Corn silks are threads found in the maize plant (Zea mays) and traditionally used to treat urological infections and disorders. Corn silk is also known to possess nutrients and volatile compounds. However, this material is often disregarded and unused. This study therefore investigated the potential use of corn silk in aquaculture through its protective capacity in matured Nile tilapia (Oreochromis niloticus (L.) by measuring some nonspecific immune parameters (phagocytosis, production of reactive oxygen species, and plasma lysozyme level) in experimental Aeromonas hydrophila-challenged fish. The anti-oxidative property of corn silk was also investigated using paracetamol-induced hepatic toxicity in order to measure oxidative stress (malondialdehyde or MDA). Based on the results, phagocytosis was significantly higher in A. hydrophila infected fish fed with corn silk-coated feeds than in fish from the negative (PBS-injected) and positive control (Aeromonas hydrophila infected) treatments.
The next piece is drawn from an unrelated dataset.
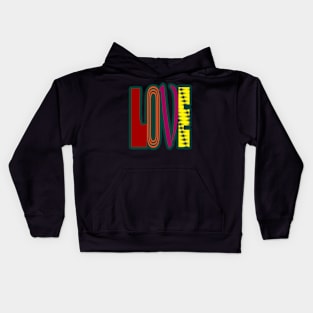 LOVE Kids Hoodie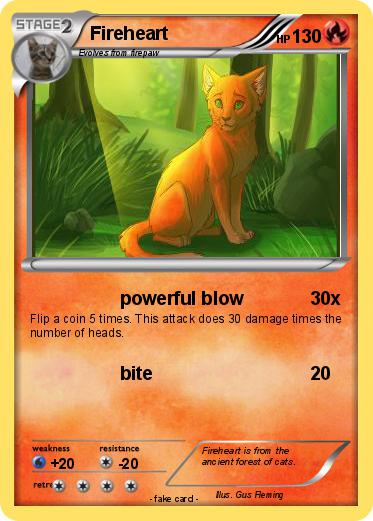Pokemon Fireheart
Lysozyme level was also higher in corn silk-fed fish, but it was not significantly different from the positive control fish (A. hydrophila infected fish). Reactive oxygen species (ROS) was higher in corn silk-fed fish than the positive control fish but it was not statistically significant. MDA levels were significantly higher in paracetamol-treated fish than paracetamol-corn silk treated group. The results showed the potential immunostimulatory and antioxidant role of corn silk in Nile tilapia, but further studies are required to fully understand its mechanism of action and its full use in aquaculture.

Key words: Corn silk, lipid peroxidation, Aeromonas hydrophila, Oreochromis niloticus, immunostimulation.